PROBLEM DESCRIPTION — Transcribe exactly the entries from the "Yosemite Scenic Wonders - Wawona Area" line to the end, both included, minus pictures.

RECORDS FOR THE TASK —
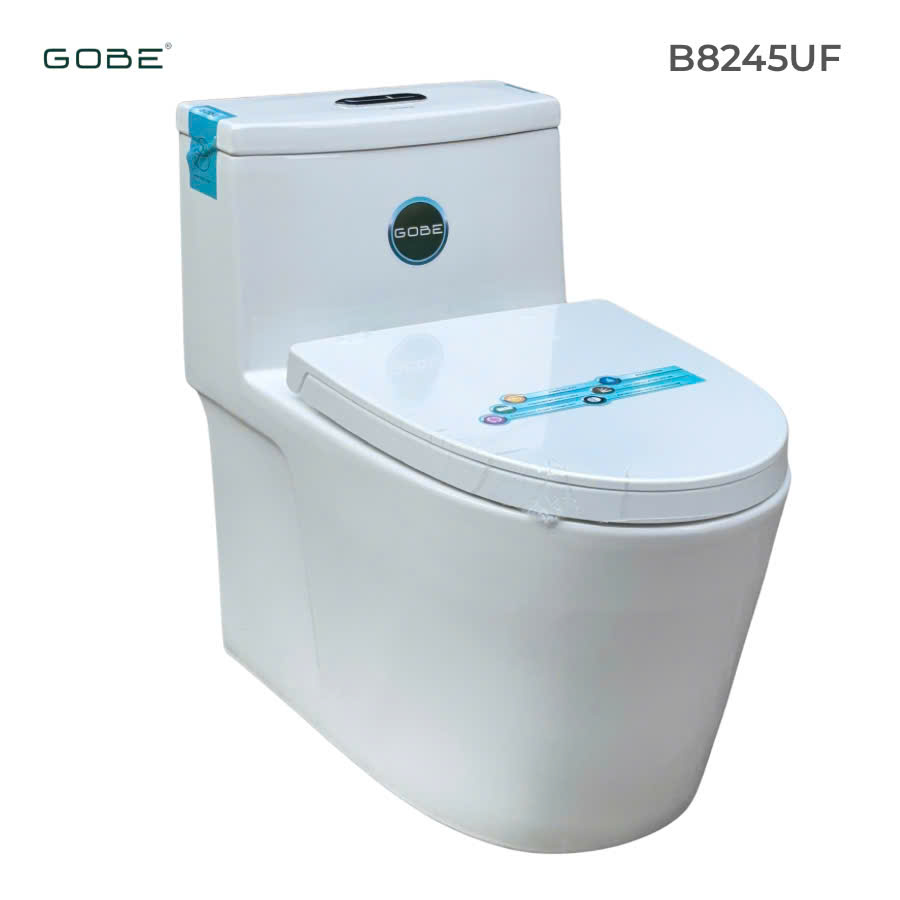 z7759854460961 008 e415e84dca5a2e9a02b61041f6aa0f11 1778036313229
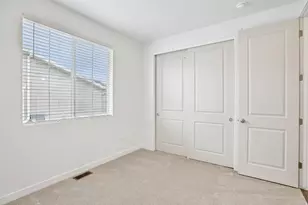 2568 N 3670 W, Lehi, UT 84043 - Photo 13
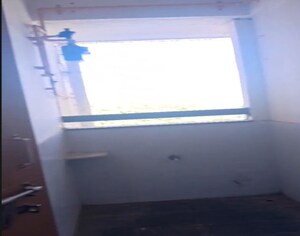 Furnished Amenities in 3 BHK Apartment at Randesan – for Rent
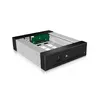 Apdare ICY BOX IB-129SSK-B Photo 4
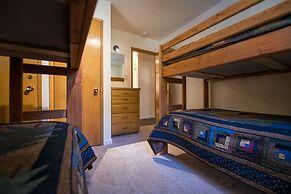 Yosemite Scenic Wonders - Wawona Area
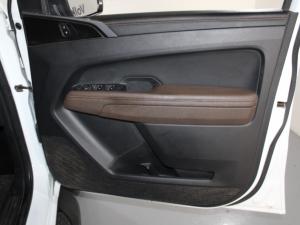 Volkswagen Amarok 3.0TDI V6 184KW 4MOT Panamericana automatic Double Cab - Image 15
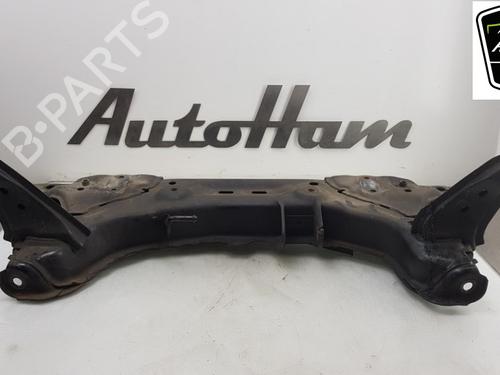 Used Subframe FORD B-MAX Van (JK) 1.0 EcoBoost (100 hp) 12045310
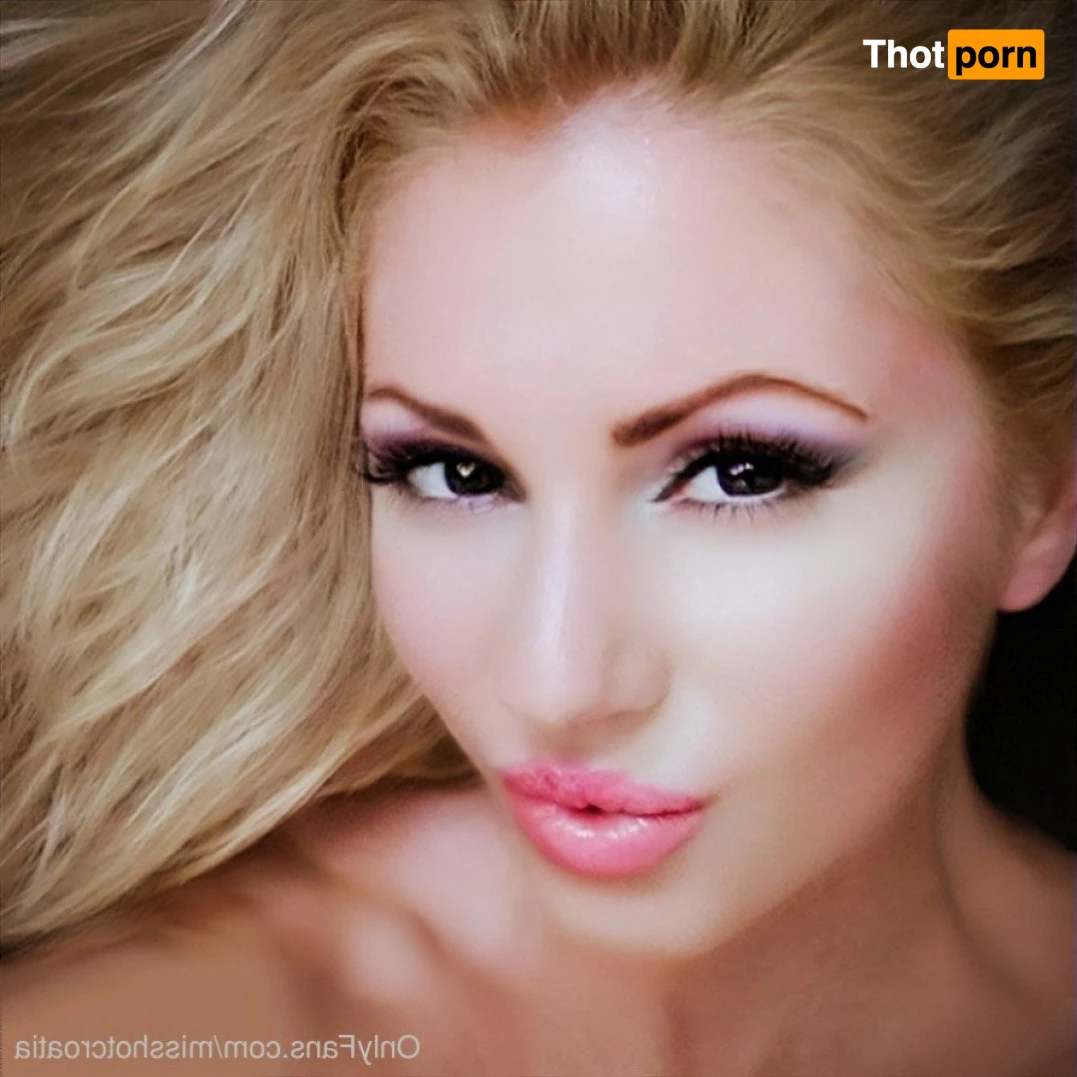 Miss Hot Croatia 2131055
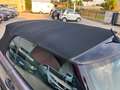 MINI Cooper S Cabrio Mini Cabrio 1.6 Cooper S Chili XENO Gris - thumbnail 9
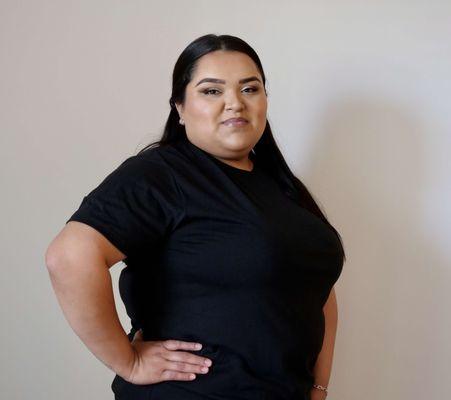 S G Cleaning Express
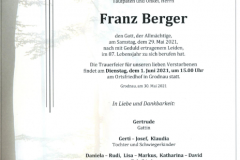 20210529-Berger-Franz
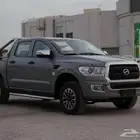 زد اكس مجيد موديل2025 دبل ديزل اقوى العروض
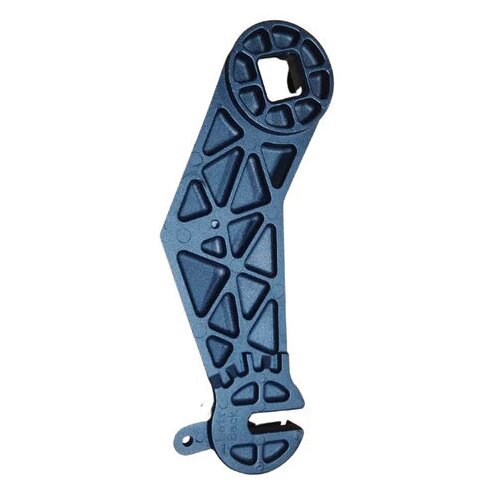 Kukirin Leva zadnja roka vzmetenja za električni skiro G3 Cene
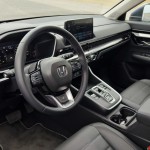 honda-cr-v-2024-30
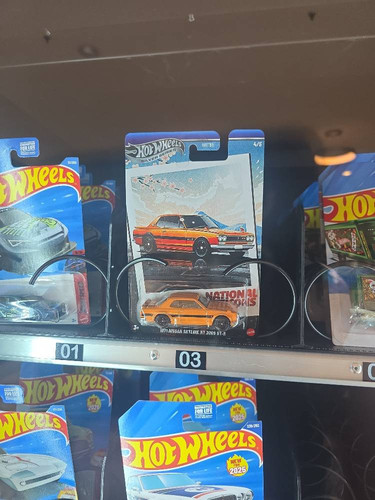 1948007ad159.jpg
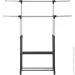 ³ Pro    SG-0125-QD 830(max 1360)x400x1270(max 1570)     /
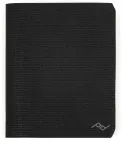 Peak Design Passport Wallet pasų piniginė, juoda (WA-SP-BK-1)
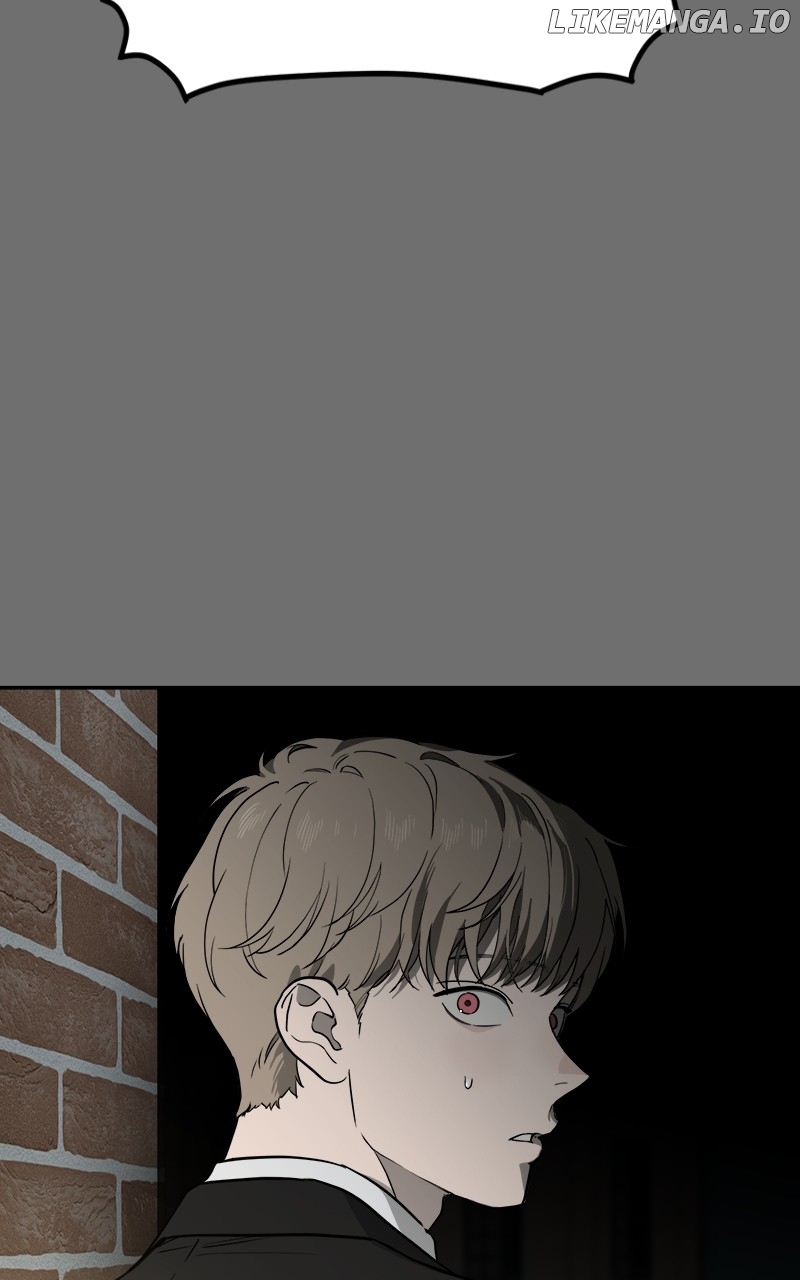 A Ghostly Song Chapter 33 - page 59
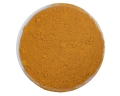 equiherbs-kurkuma-3.jpg
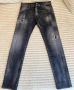 Оригинални мъжки дънки DSQUARED2, снимка 1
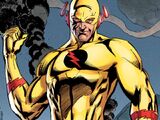 Reverse-Flash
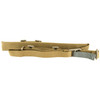 Blue Force Coyote Brown Vickers 2-Point Sling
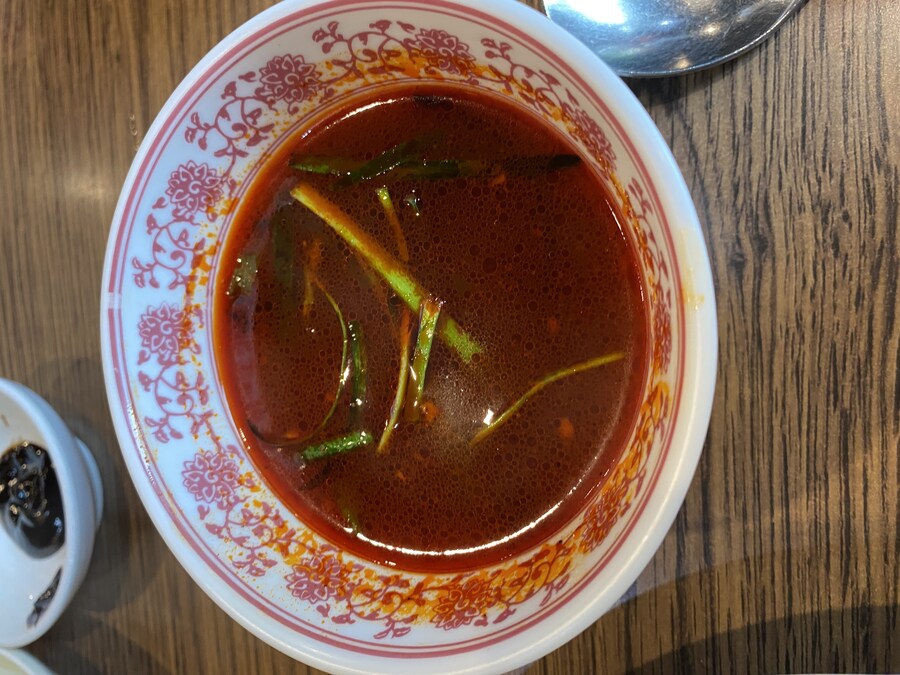 자전거 타고 잡탕밥 먹고 왔어요._3.jpg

ANSWER TO THE PROBLEM —
 Yosemite Scenic Wonders - Wawona Area
 Volkswagen Amarok 3.0TDI V6 184KW 4MOT Panamericana automatic Double Cab - Image 15
 Used Subframe FORD B-MAX Van (JK) 1.0 EcoBoost (100 hp) 12045310
 Miss Hot Croatia 2131055
 MINI Cooper S Cabrio Mini Cabrio 1.6 Cooper S Chili XENO Gris - thumbnail 9
 S G Cleaning Express
 20210529-Berger-Franz
 زد اكس مجيد موديل2025 دبل ديزل اقوى العروض
 Kukirin Leva zadnja roka vzmetenja za električni skiro G3 Cene
 honda-cr-v-2024-30
 1948007ad159.jpg
 ³ Pro    SG-0125-QD 830(max 1360)x400x1270(max 1570)     /
 Peak Design Passport Wallet pasų piniginė, juoda (WA-SP-BK-1)
 A Ghostly Song Chapter 33 - page 59
 equiherbs-kurkuma-3.jpg
 Оригинални мъжки дънки DSQUARED2, снимка 1
 Reverse-Flash
 Blue Force Coyote Brown Vickers 2-Point Sling
 자전거 타고 잡탕밥 먹고 왔어요._3.jpg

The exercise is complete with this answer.